EXERCISE OBJECTIVE ▸ Print the listing below a second time, exactly, and omit its images.

THE INPUT ▸
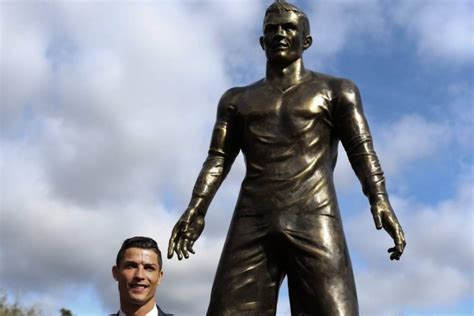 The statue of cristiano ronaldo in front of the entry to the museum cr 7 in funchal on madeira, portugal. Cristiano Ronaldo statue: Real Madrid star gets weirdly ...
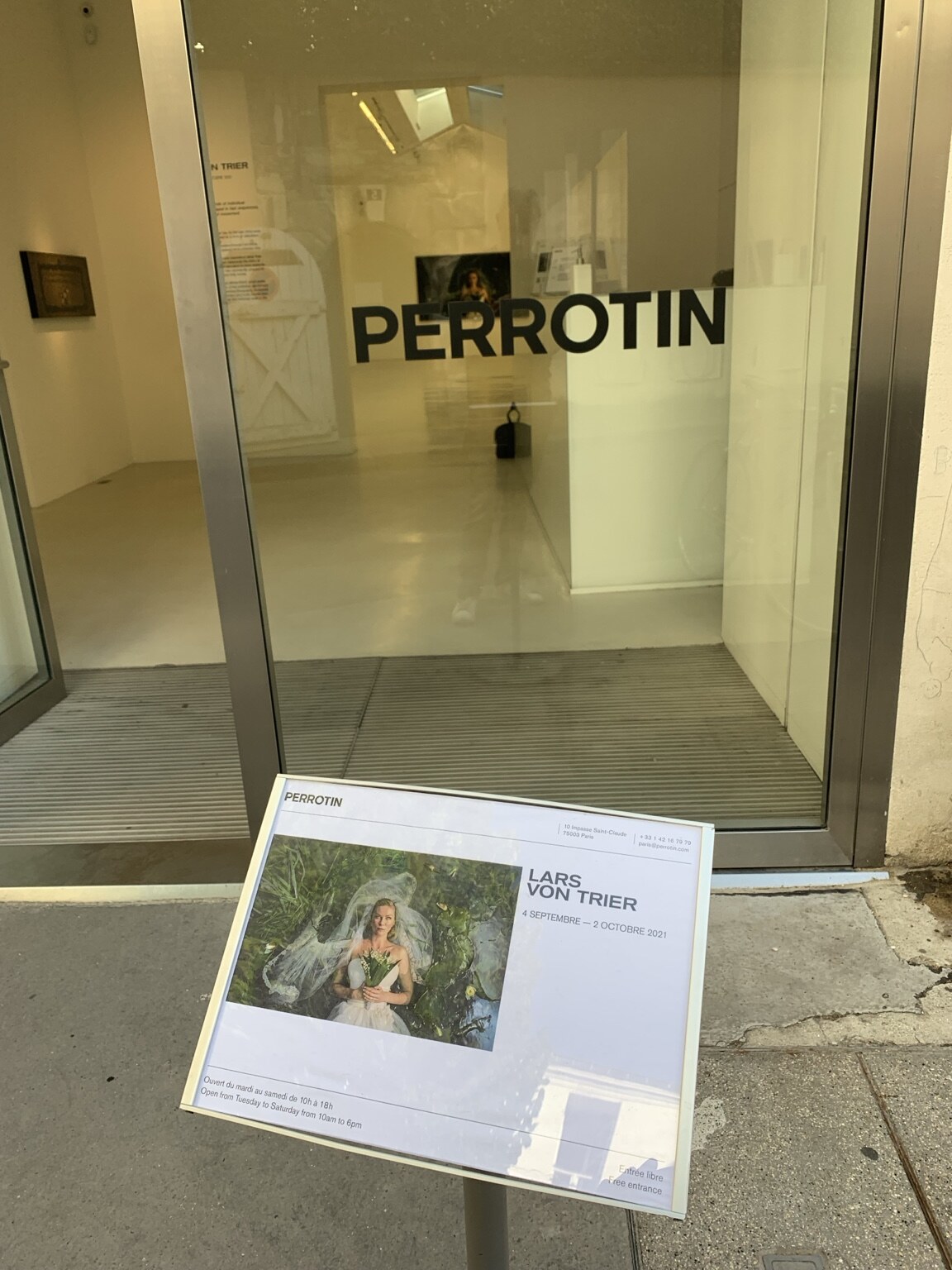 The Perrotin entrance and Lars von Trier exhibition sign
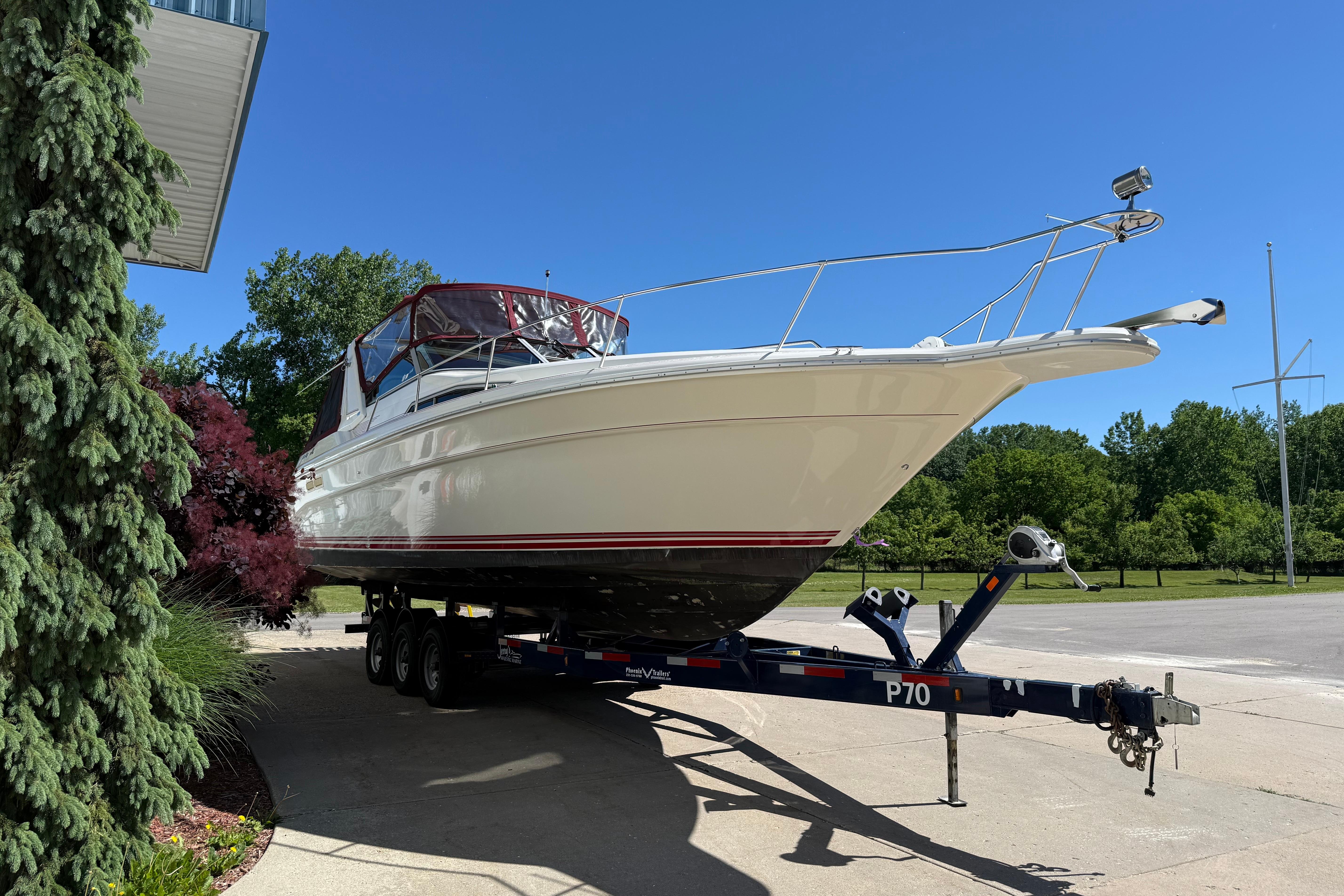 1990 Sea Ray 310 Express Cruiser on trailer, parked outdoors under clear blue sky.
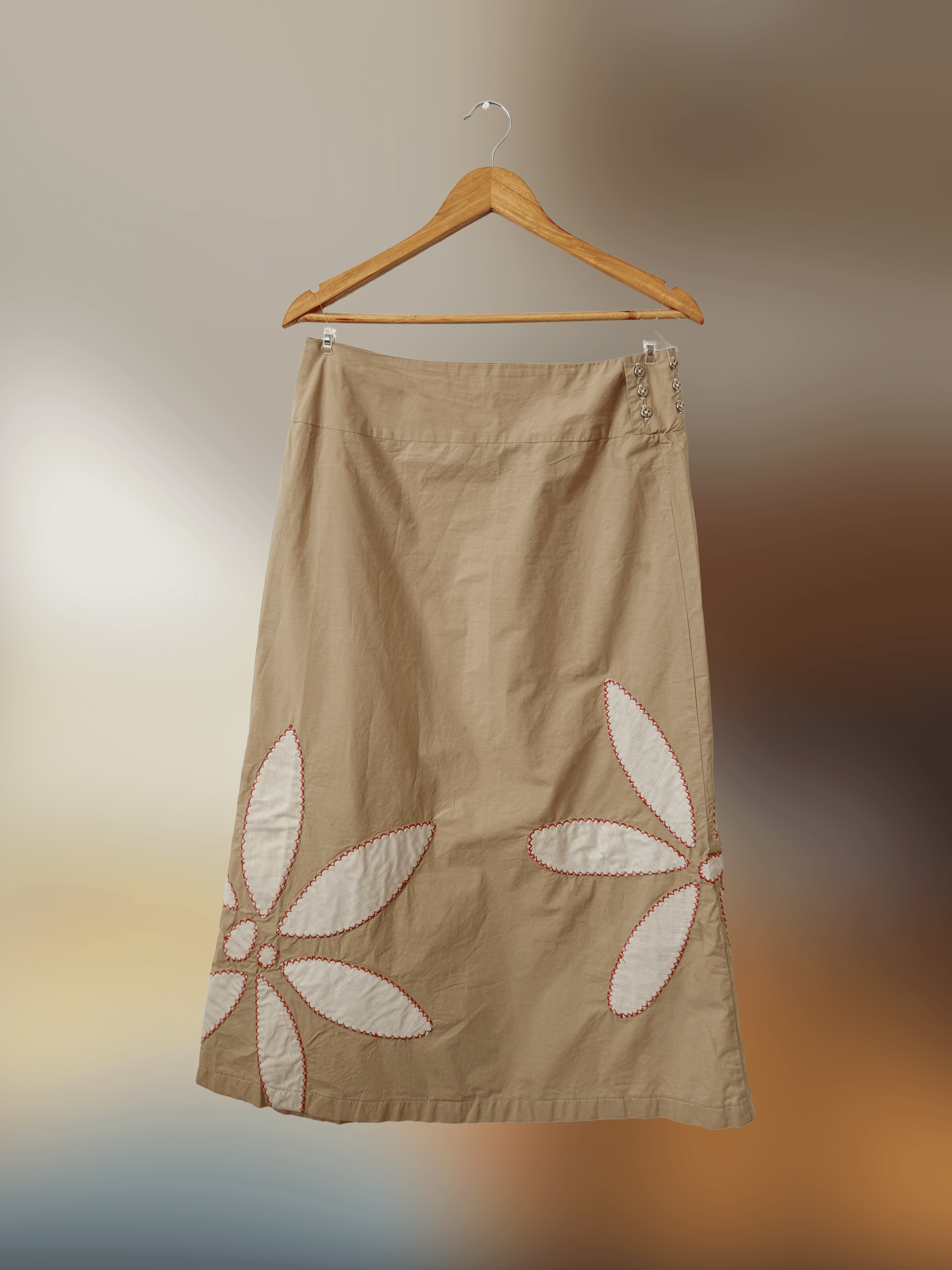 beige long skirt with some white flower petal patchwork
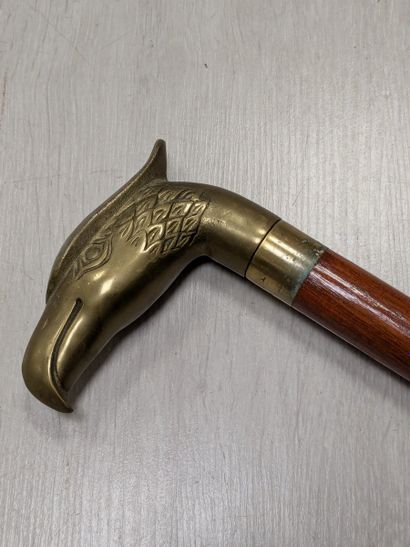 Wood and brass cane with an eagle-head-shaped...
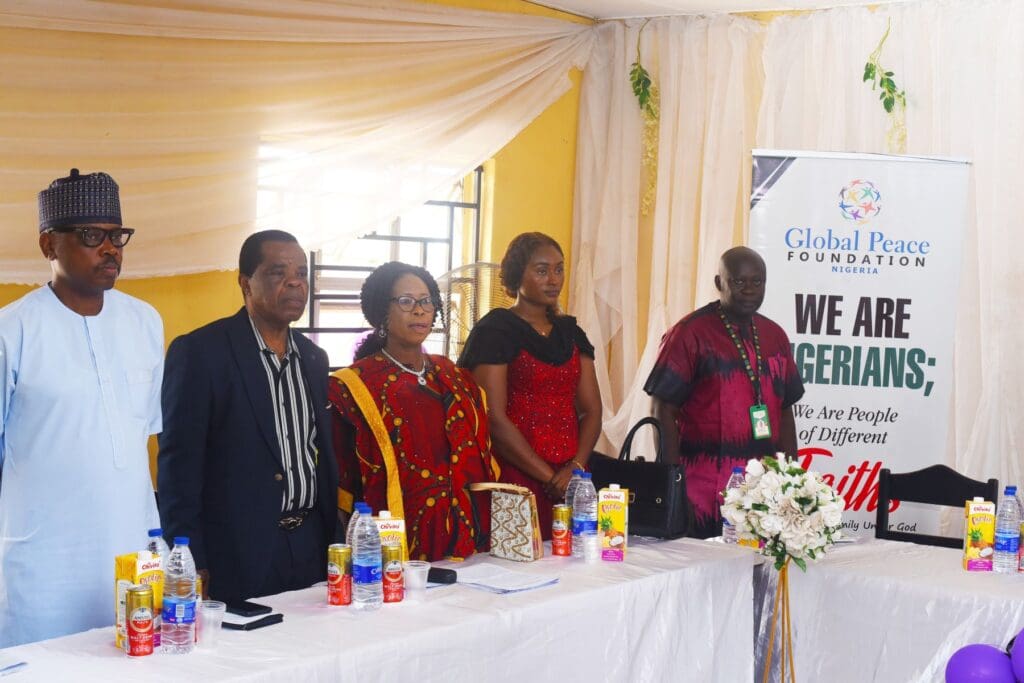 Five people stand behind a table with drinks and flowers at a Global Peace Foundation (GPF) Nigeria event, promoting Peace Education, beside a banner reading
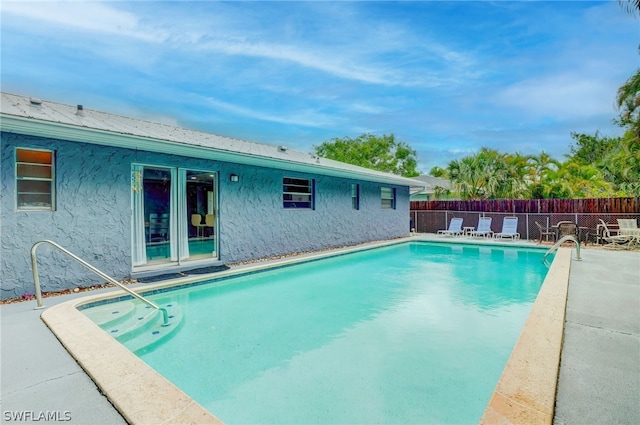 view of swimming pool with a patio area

OUTPUT OF THE EXERCISE ▸
 The statue of cristiano ronaldo in front of the entry to the museum cr 7 in funchal on madeira, portugal. Cristiano Ronaldo statue: Real Madrid star gets weirdly ...
 The Perrotin entrance and Lars von Trier exhibition sign
 1990 Sea Ray 310 Express Cruiser on trailer, parked outdoors under clear blue sky.
 beige long skirt with some white flower petal patchwork
 Wood and brass cane with an eagle-head-shaped...
 Five people stand behind a table with drinks and flowers at a Global Peace Foundation (GPF) Nigeria event, promoting Peace Education, beside a banner reading
 view of swimming pool with a patio area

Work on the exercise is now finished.